Lines from the one containing "ID license plate 3B3544M" through the last line of the records below need to be repeated exactly; nothing else, and no pictures.
::::::::
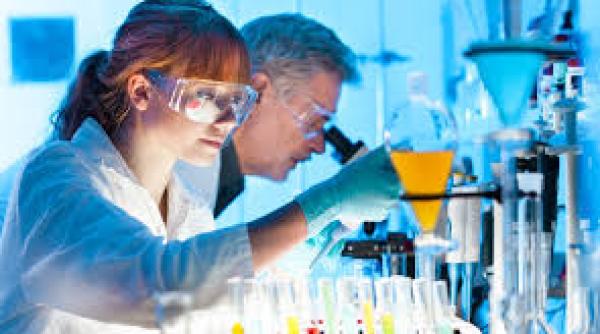 e se intampla creierului dupa moarte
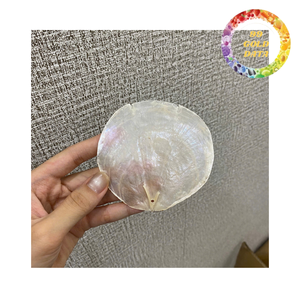 Handmade Capiz <b>Shell</b> Sheets for Home Decor <b>Lighting</b> Panel Eco Friendly Natural Sea <b>Shell</b> Material - Product Image 2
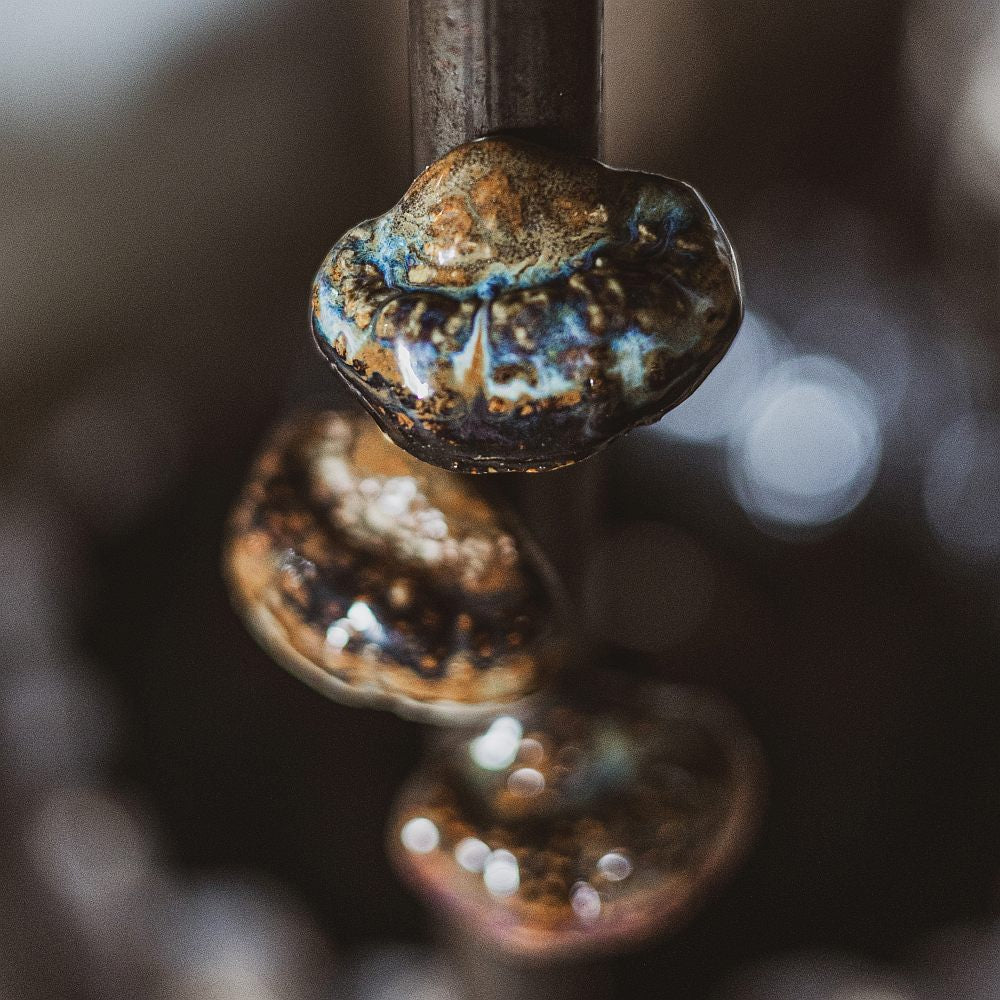 bracket fungi fridge magnet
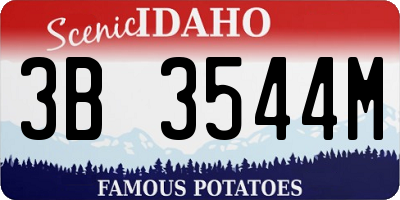 ID license plate 3B3544M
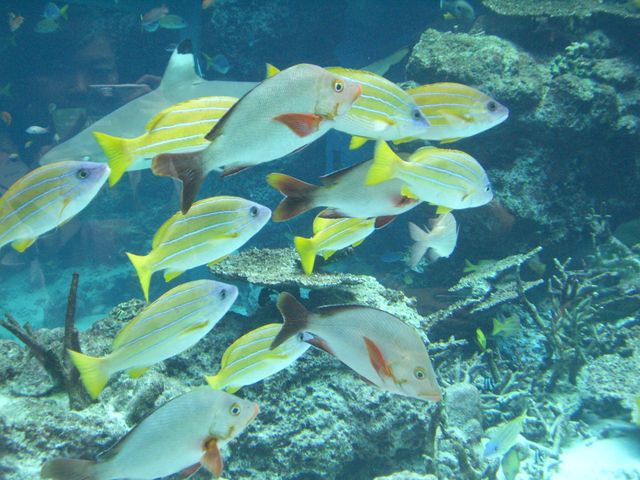 沖縄県　美ら海水族館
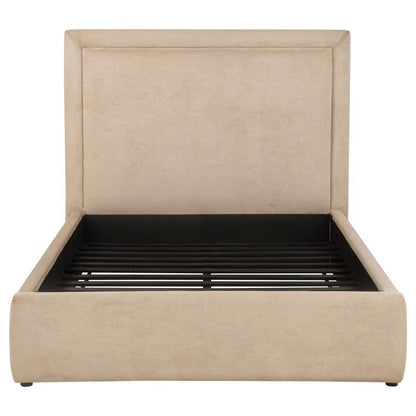 Lawson - Upholstered Platform Bed Upholstered Beds by Coaster Fine Furniture - Walls Furniture & Mattress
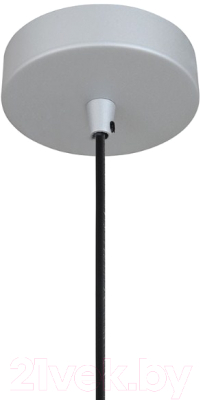 Потолочный светильник FAVOURITE Otium 2270-1P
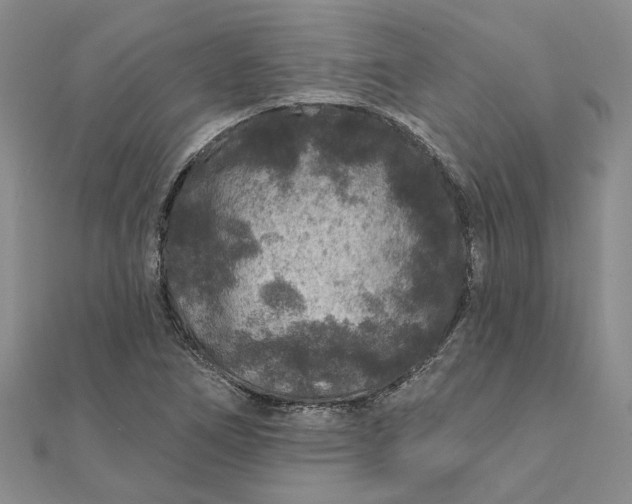 X0000111791266200908061129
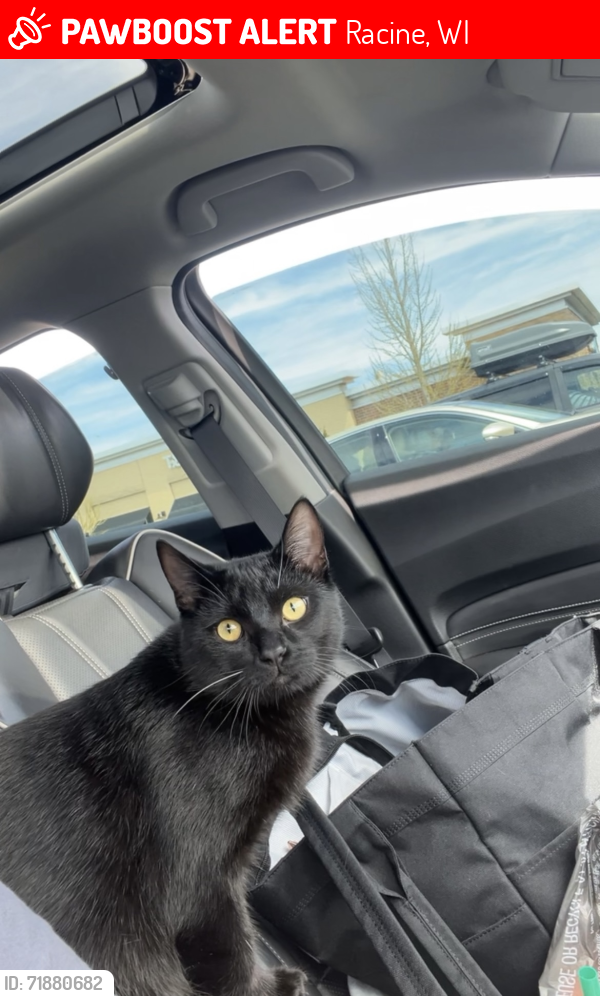 Lost Male Cat last seen Case high school, Oakes rd, Racine, WI 53406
::::::::
--- Result ---
 ID license plate 3B3544M
 沖縄県　美ら海水族館
 Lawson - Upholstered Platform Bed Upholstered Beds by Coaster Fine Furniture - Walls Furniture & Mattress
 Потолочный светильник FAVOURITE Otium 2270-1P
 X0000111791266200908061129
 Lost Male Cat last seen Case high school, Oakes rd, Racine, WI 53406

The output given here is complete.